Locator: 44419DEPORTATION.
Trump 2.0 is followed here.
From Forbes today:
The Immigration and Customs Enforcement (ICE) is well prepared for President-elect Donald Trump’s plan to deport millions of undocumented immigrants when he takes office in January. In the three months prior to the November election, the agency signed $20 million in contracts for new phone hacking, surveillance and forensics technologies that can be used to spy on and track down the people Trump has vowed to expel from the country.

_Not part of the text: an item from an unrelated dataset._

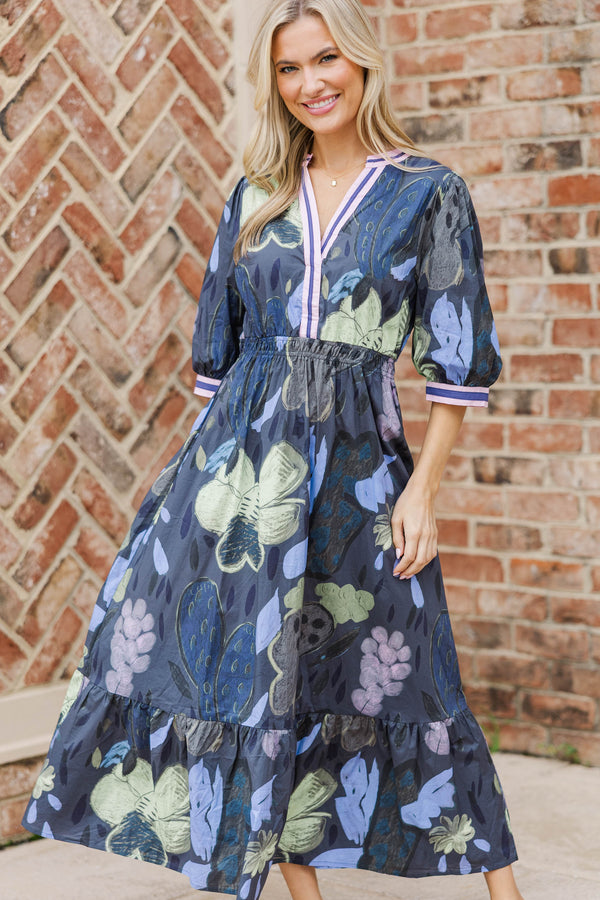 Soft Night Navy Floral Dress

A Forbes review of recent ICE contracts found agreements to purchase an array of technologies that together can be used to surveil phone calls, texts and social media activity, identify people with facial recognition, remotely hack a smartphone and raid the contents of a device, including deleted data. These tools are made by a series of companies including Israel-based Paragon and Cellebrite, Canadian company Magnet Forensics, major American law enforcement contractor Pen-Link and the controversial facial recognition company Clearview AI. In the last five months, these companies received their largest federal purchase orders to date, all from ICE, contracting records show.

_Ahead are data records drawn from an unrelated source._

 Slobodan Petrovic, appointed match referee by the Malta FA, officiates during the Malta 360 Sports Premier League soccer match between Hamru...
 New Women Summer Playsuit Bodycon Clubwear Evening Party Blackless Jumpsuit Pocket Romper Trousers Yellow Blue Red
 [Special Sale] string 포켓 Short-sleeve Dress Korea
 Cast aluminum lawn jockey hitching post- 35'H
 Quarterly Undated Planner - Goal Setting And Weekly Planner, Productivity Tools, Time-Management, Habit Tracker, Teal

While ICE will likely also use these technologies across its responsibilities, which include the investigation of cybercrime and child exploitation, critics warn they will become a powerful tool in Trump’s war against undocumented immigrants.
Will Owen of the Surveillance Technology Oversight Project described cellphone hacking spyware spending as “a frightening look at how the Trump Administration plans to carry out mass deportations through authoritarian means,” adding that “these technologies have been used in democracies around the world to undermine protected civil liberties.”
My hunch: Palantir is in the mix.
Later. Did someone mention Palantir? Link to Forbes.
Time to review DACA. Link to wiki. The US House and US Senate have had plenty of time to make this law, but so far, nothing. US Supreme Court heard oral arguments in October, 2024. Seems like a no-brainer.
Is the nub of the issue?- pro: although an "executive policy," the legislative branch has never passed a low to disallow it;
- con: to be "law," needs to be passed by the US legislature
It's amazing how far one needs to read into the wiki article to find out which president signed this executive order / policy. But right now, the US House / Senate won't act until the US Supreme Court rules.